Decentralized Control: A Case Study of Russia
Reethika Ramesh, Ram Sundara Raman, Matthew Bernhard, Victor Ongkowijaya, Leonid Evdokimov, Anne Edmundson, Steven Sprecher, Muhammad Ikram, Roya Ensafi
This paper is an in-depth of network censorship in Russia. They characterize the censorship using a combination of direct and remote measurements, testing the entries of a government blocklist to find out where and how they are blocked. The overarching observation is that the Russian government has built an effective information-controls system, despite a network structure that is less centralized than that of China or Iran. The authors fear that Russia may serve as a model for other governments that want to censor but do not have tight control over their network infrastructure. Decentralization poses challenges both for censorship measurement (a single vantage point is not enough) and for circumvention (what works for one person may not work for another).
The censorship model in Russia is one of centralized policy and distributed implementation. The federal service Roskomnadzor maintains the list of what should be blocked, but ISPs are independently responsible for enforcing the blocks, using technical means of their choosing. The authors of the paper obtained several leaked, digitally signed copies of the Roskomnadzor blocklist, consisting of IP addresses, IP subnets, domain names, and domain wildcards. They used the most recent leaked blocklist, dated April 24, 2019, as the input list for all of their active measurements, prefiltered to remove non-responsive destinations (about 25% of the total).
The authors worked with local activists to get access to direct measurement vantage points: 6 data centers VPSes and 14 residential Internet connections. They complemented these with remote measurement vantages: 718 Quack (using echo servers) and 357 Satellite (using open DNS resolvers). From these measurement locations they scanned the entries on the blocklist, finding diversity not only in how much is blocked but in how the blocking is done.
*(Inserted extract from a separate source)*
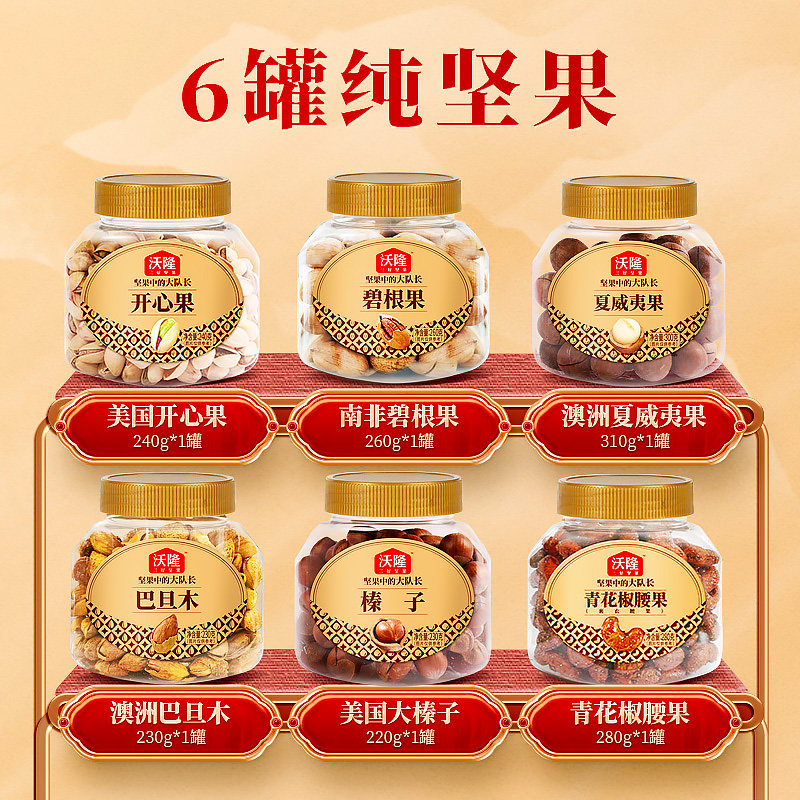 沃隆尊享礼1540g全坚果6罐装年货礼盒干果零食礼盒过年大礼包,淘宝优惠券,粉丝福利购,淘宝优惠卷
Most locations blocked over 90% of the blocklist, but some residential locations blocked only about half, and one data center location blocked almost none (Figure 3). Blocking is implemented in many different ways: IP/port blocking, TCP reset, DNS filtering; sometimes with a blockpage and sometimes without. Residential networks are more likely to show a blockpage, and are overall more highly censored than data center networks.
They characterize the entries of the blocklist. In the style of McDonald et al., they find that about half of blocked domains are hosted on a CDN, and almost all of those are on Cloudflare (Table III). Using the techniques of Weinberg et al., they find that the two most common languages of blocked sites are Russian and English, and the two most common topic categories are gambling and pornography (Table IV). The well-known zapret-info repository has maintained a detailed timeline of changes to the government blocklist since 2012. The authors of the paper found it to be in almost complete agreement with their own leaked samples. Analyzing trends over time shows that the number of blocklist entries has accelerated in the last year, with fewer duplicate entries.
Thanks to Reethika Ramesh for comments on a draft of this summary.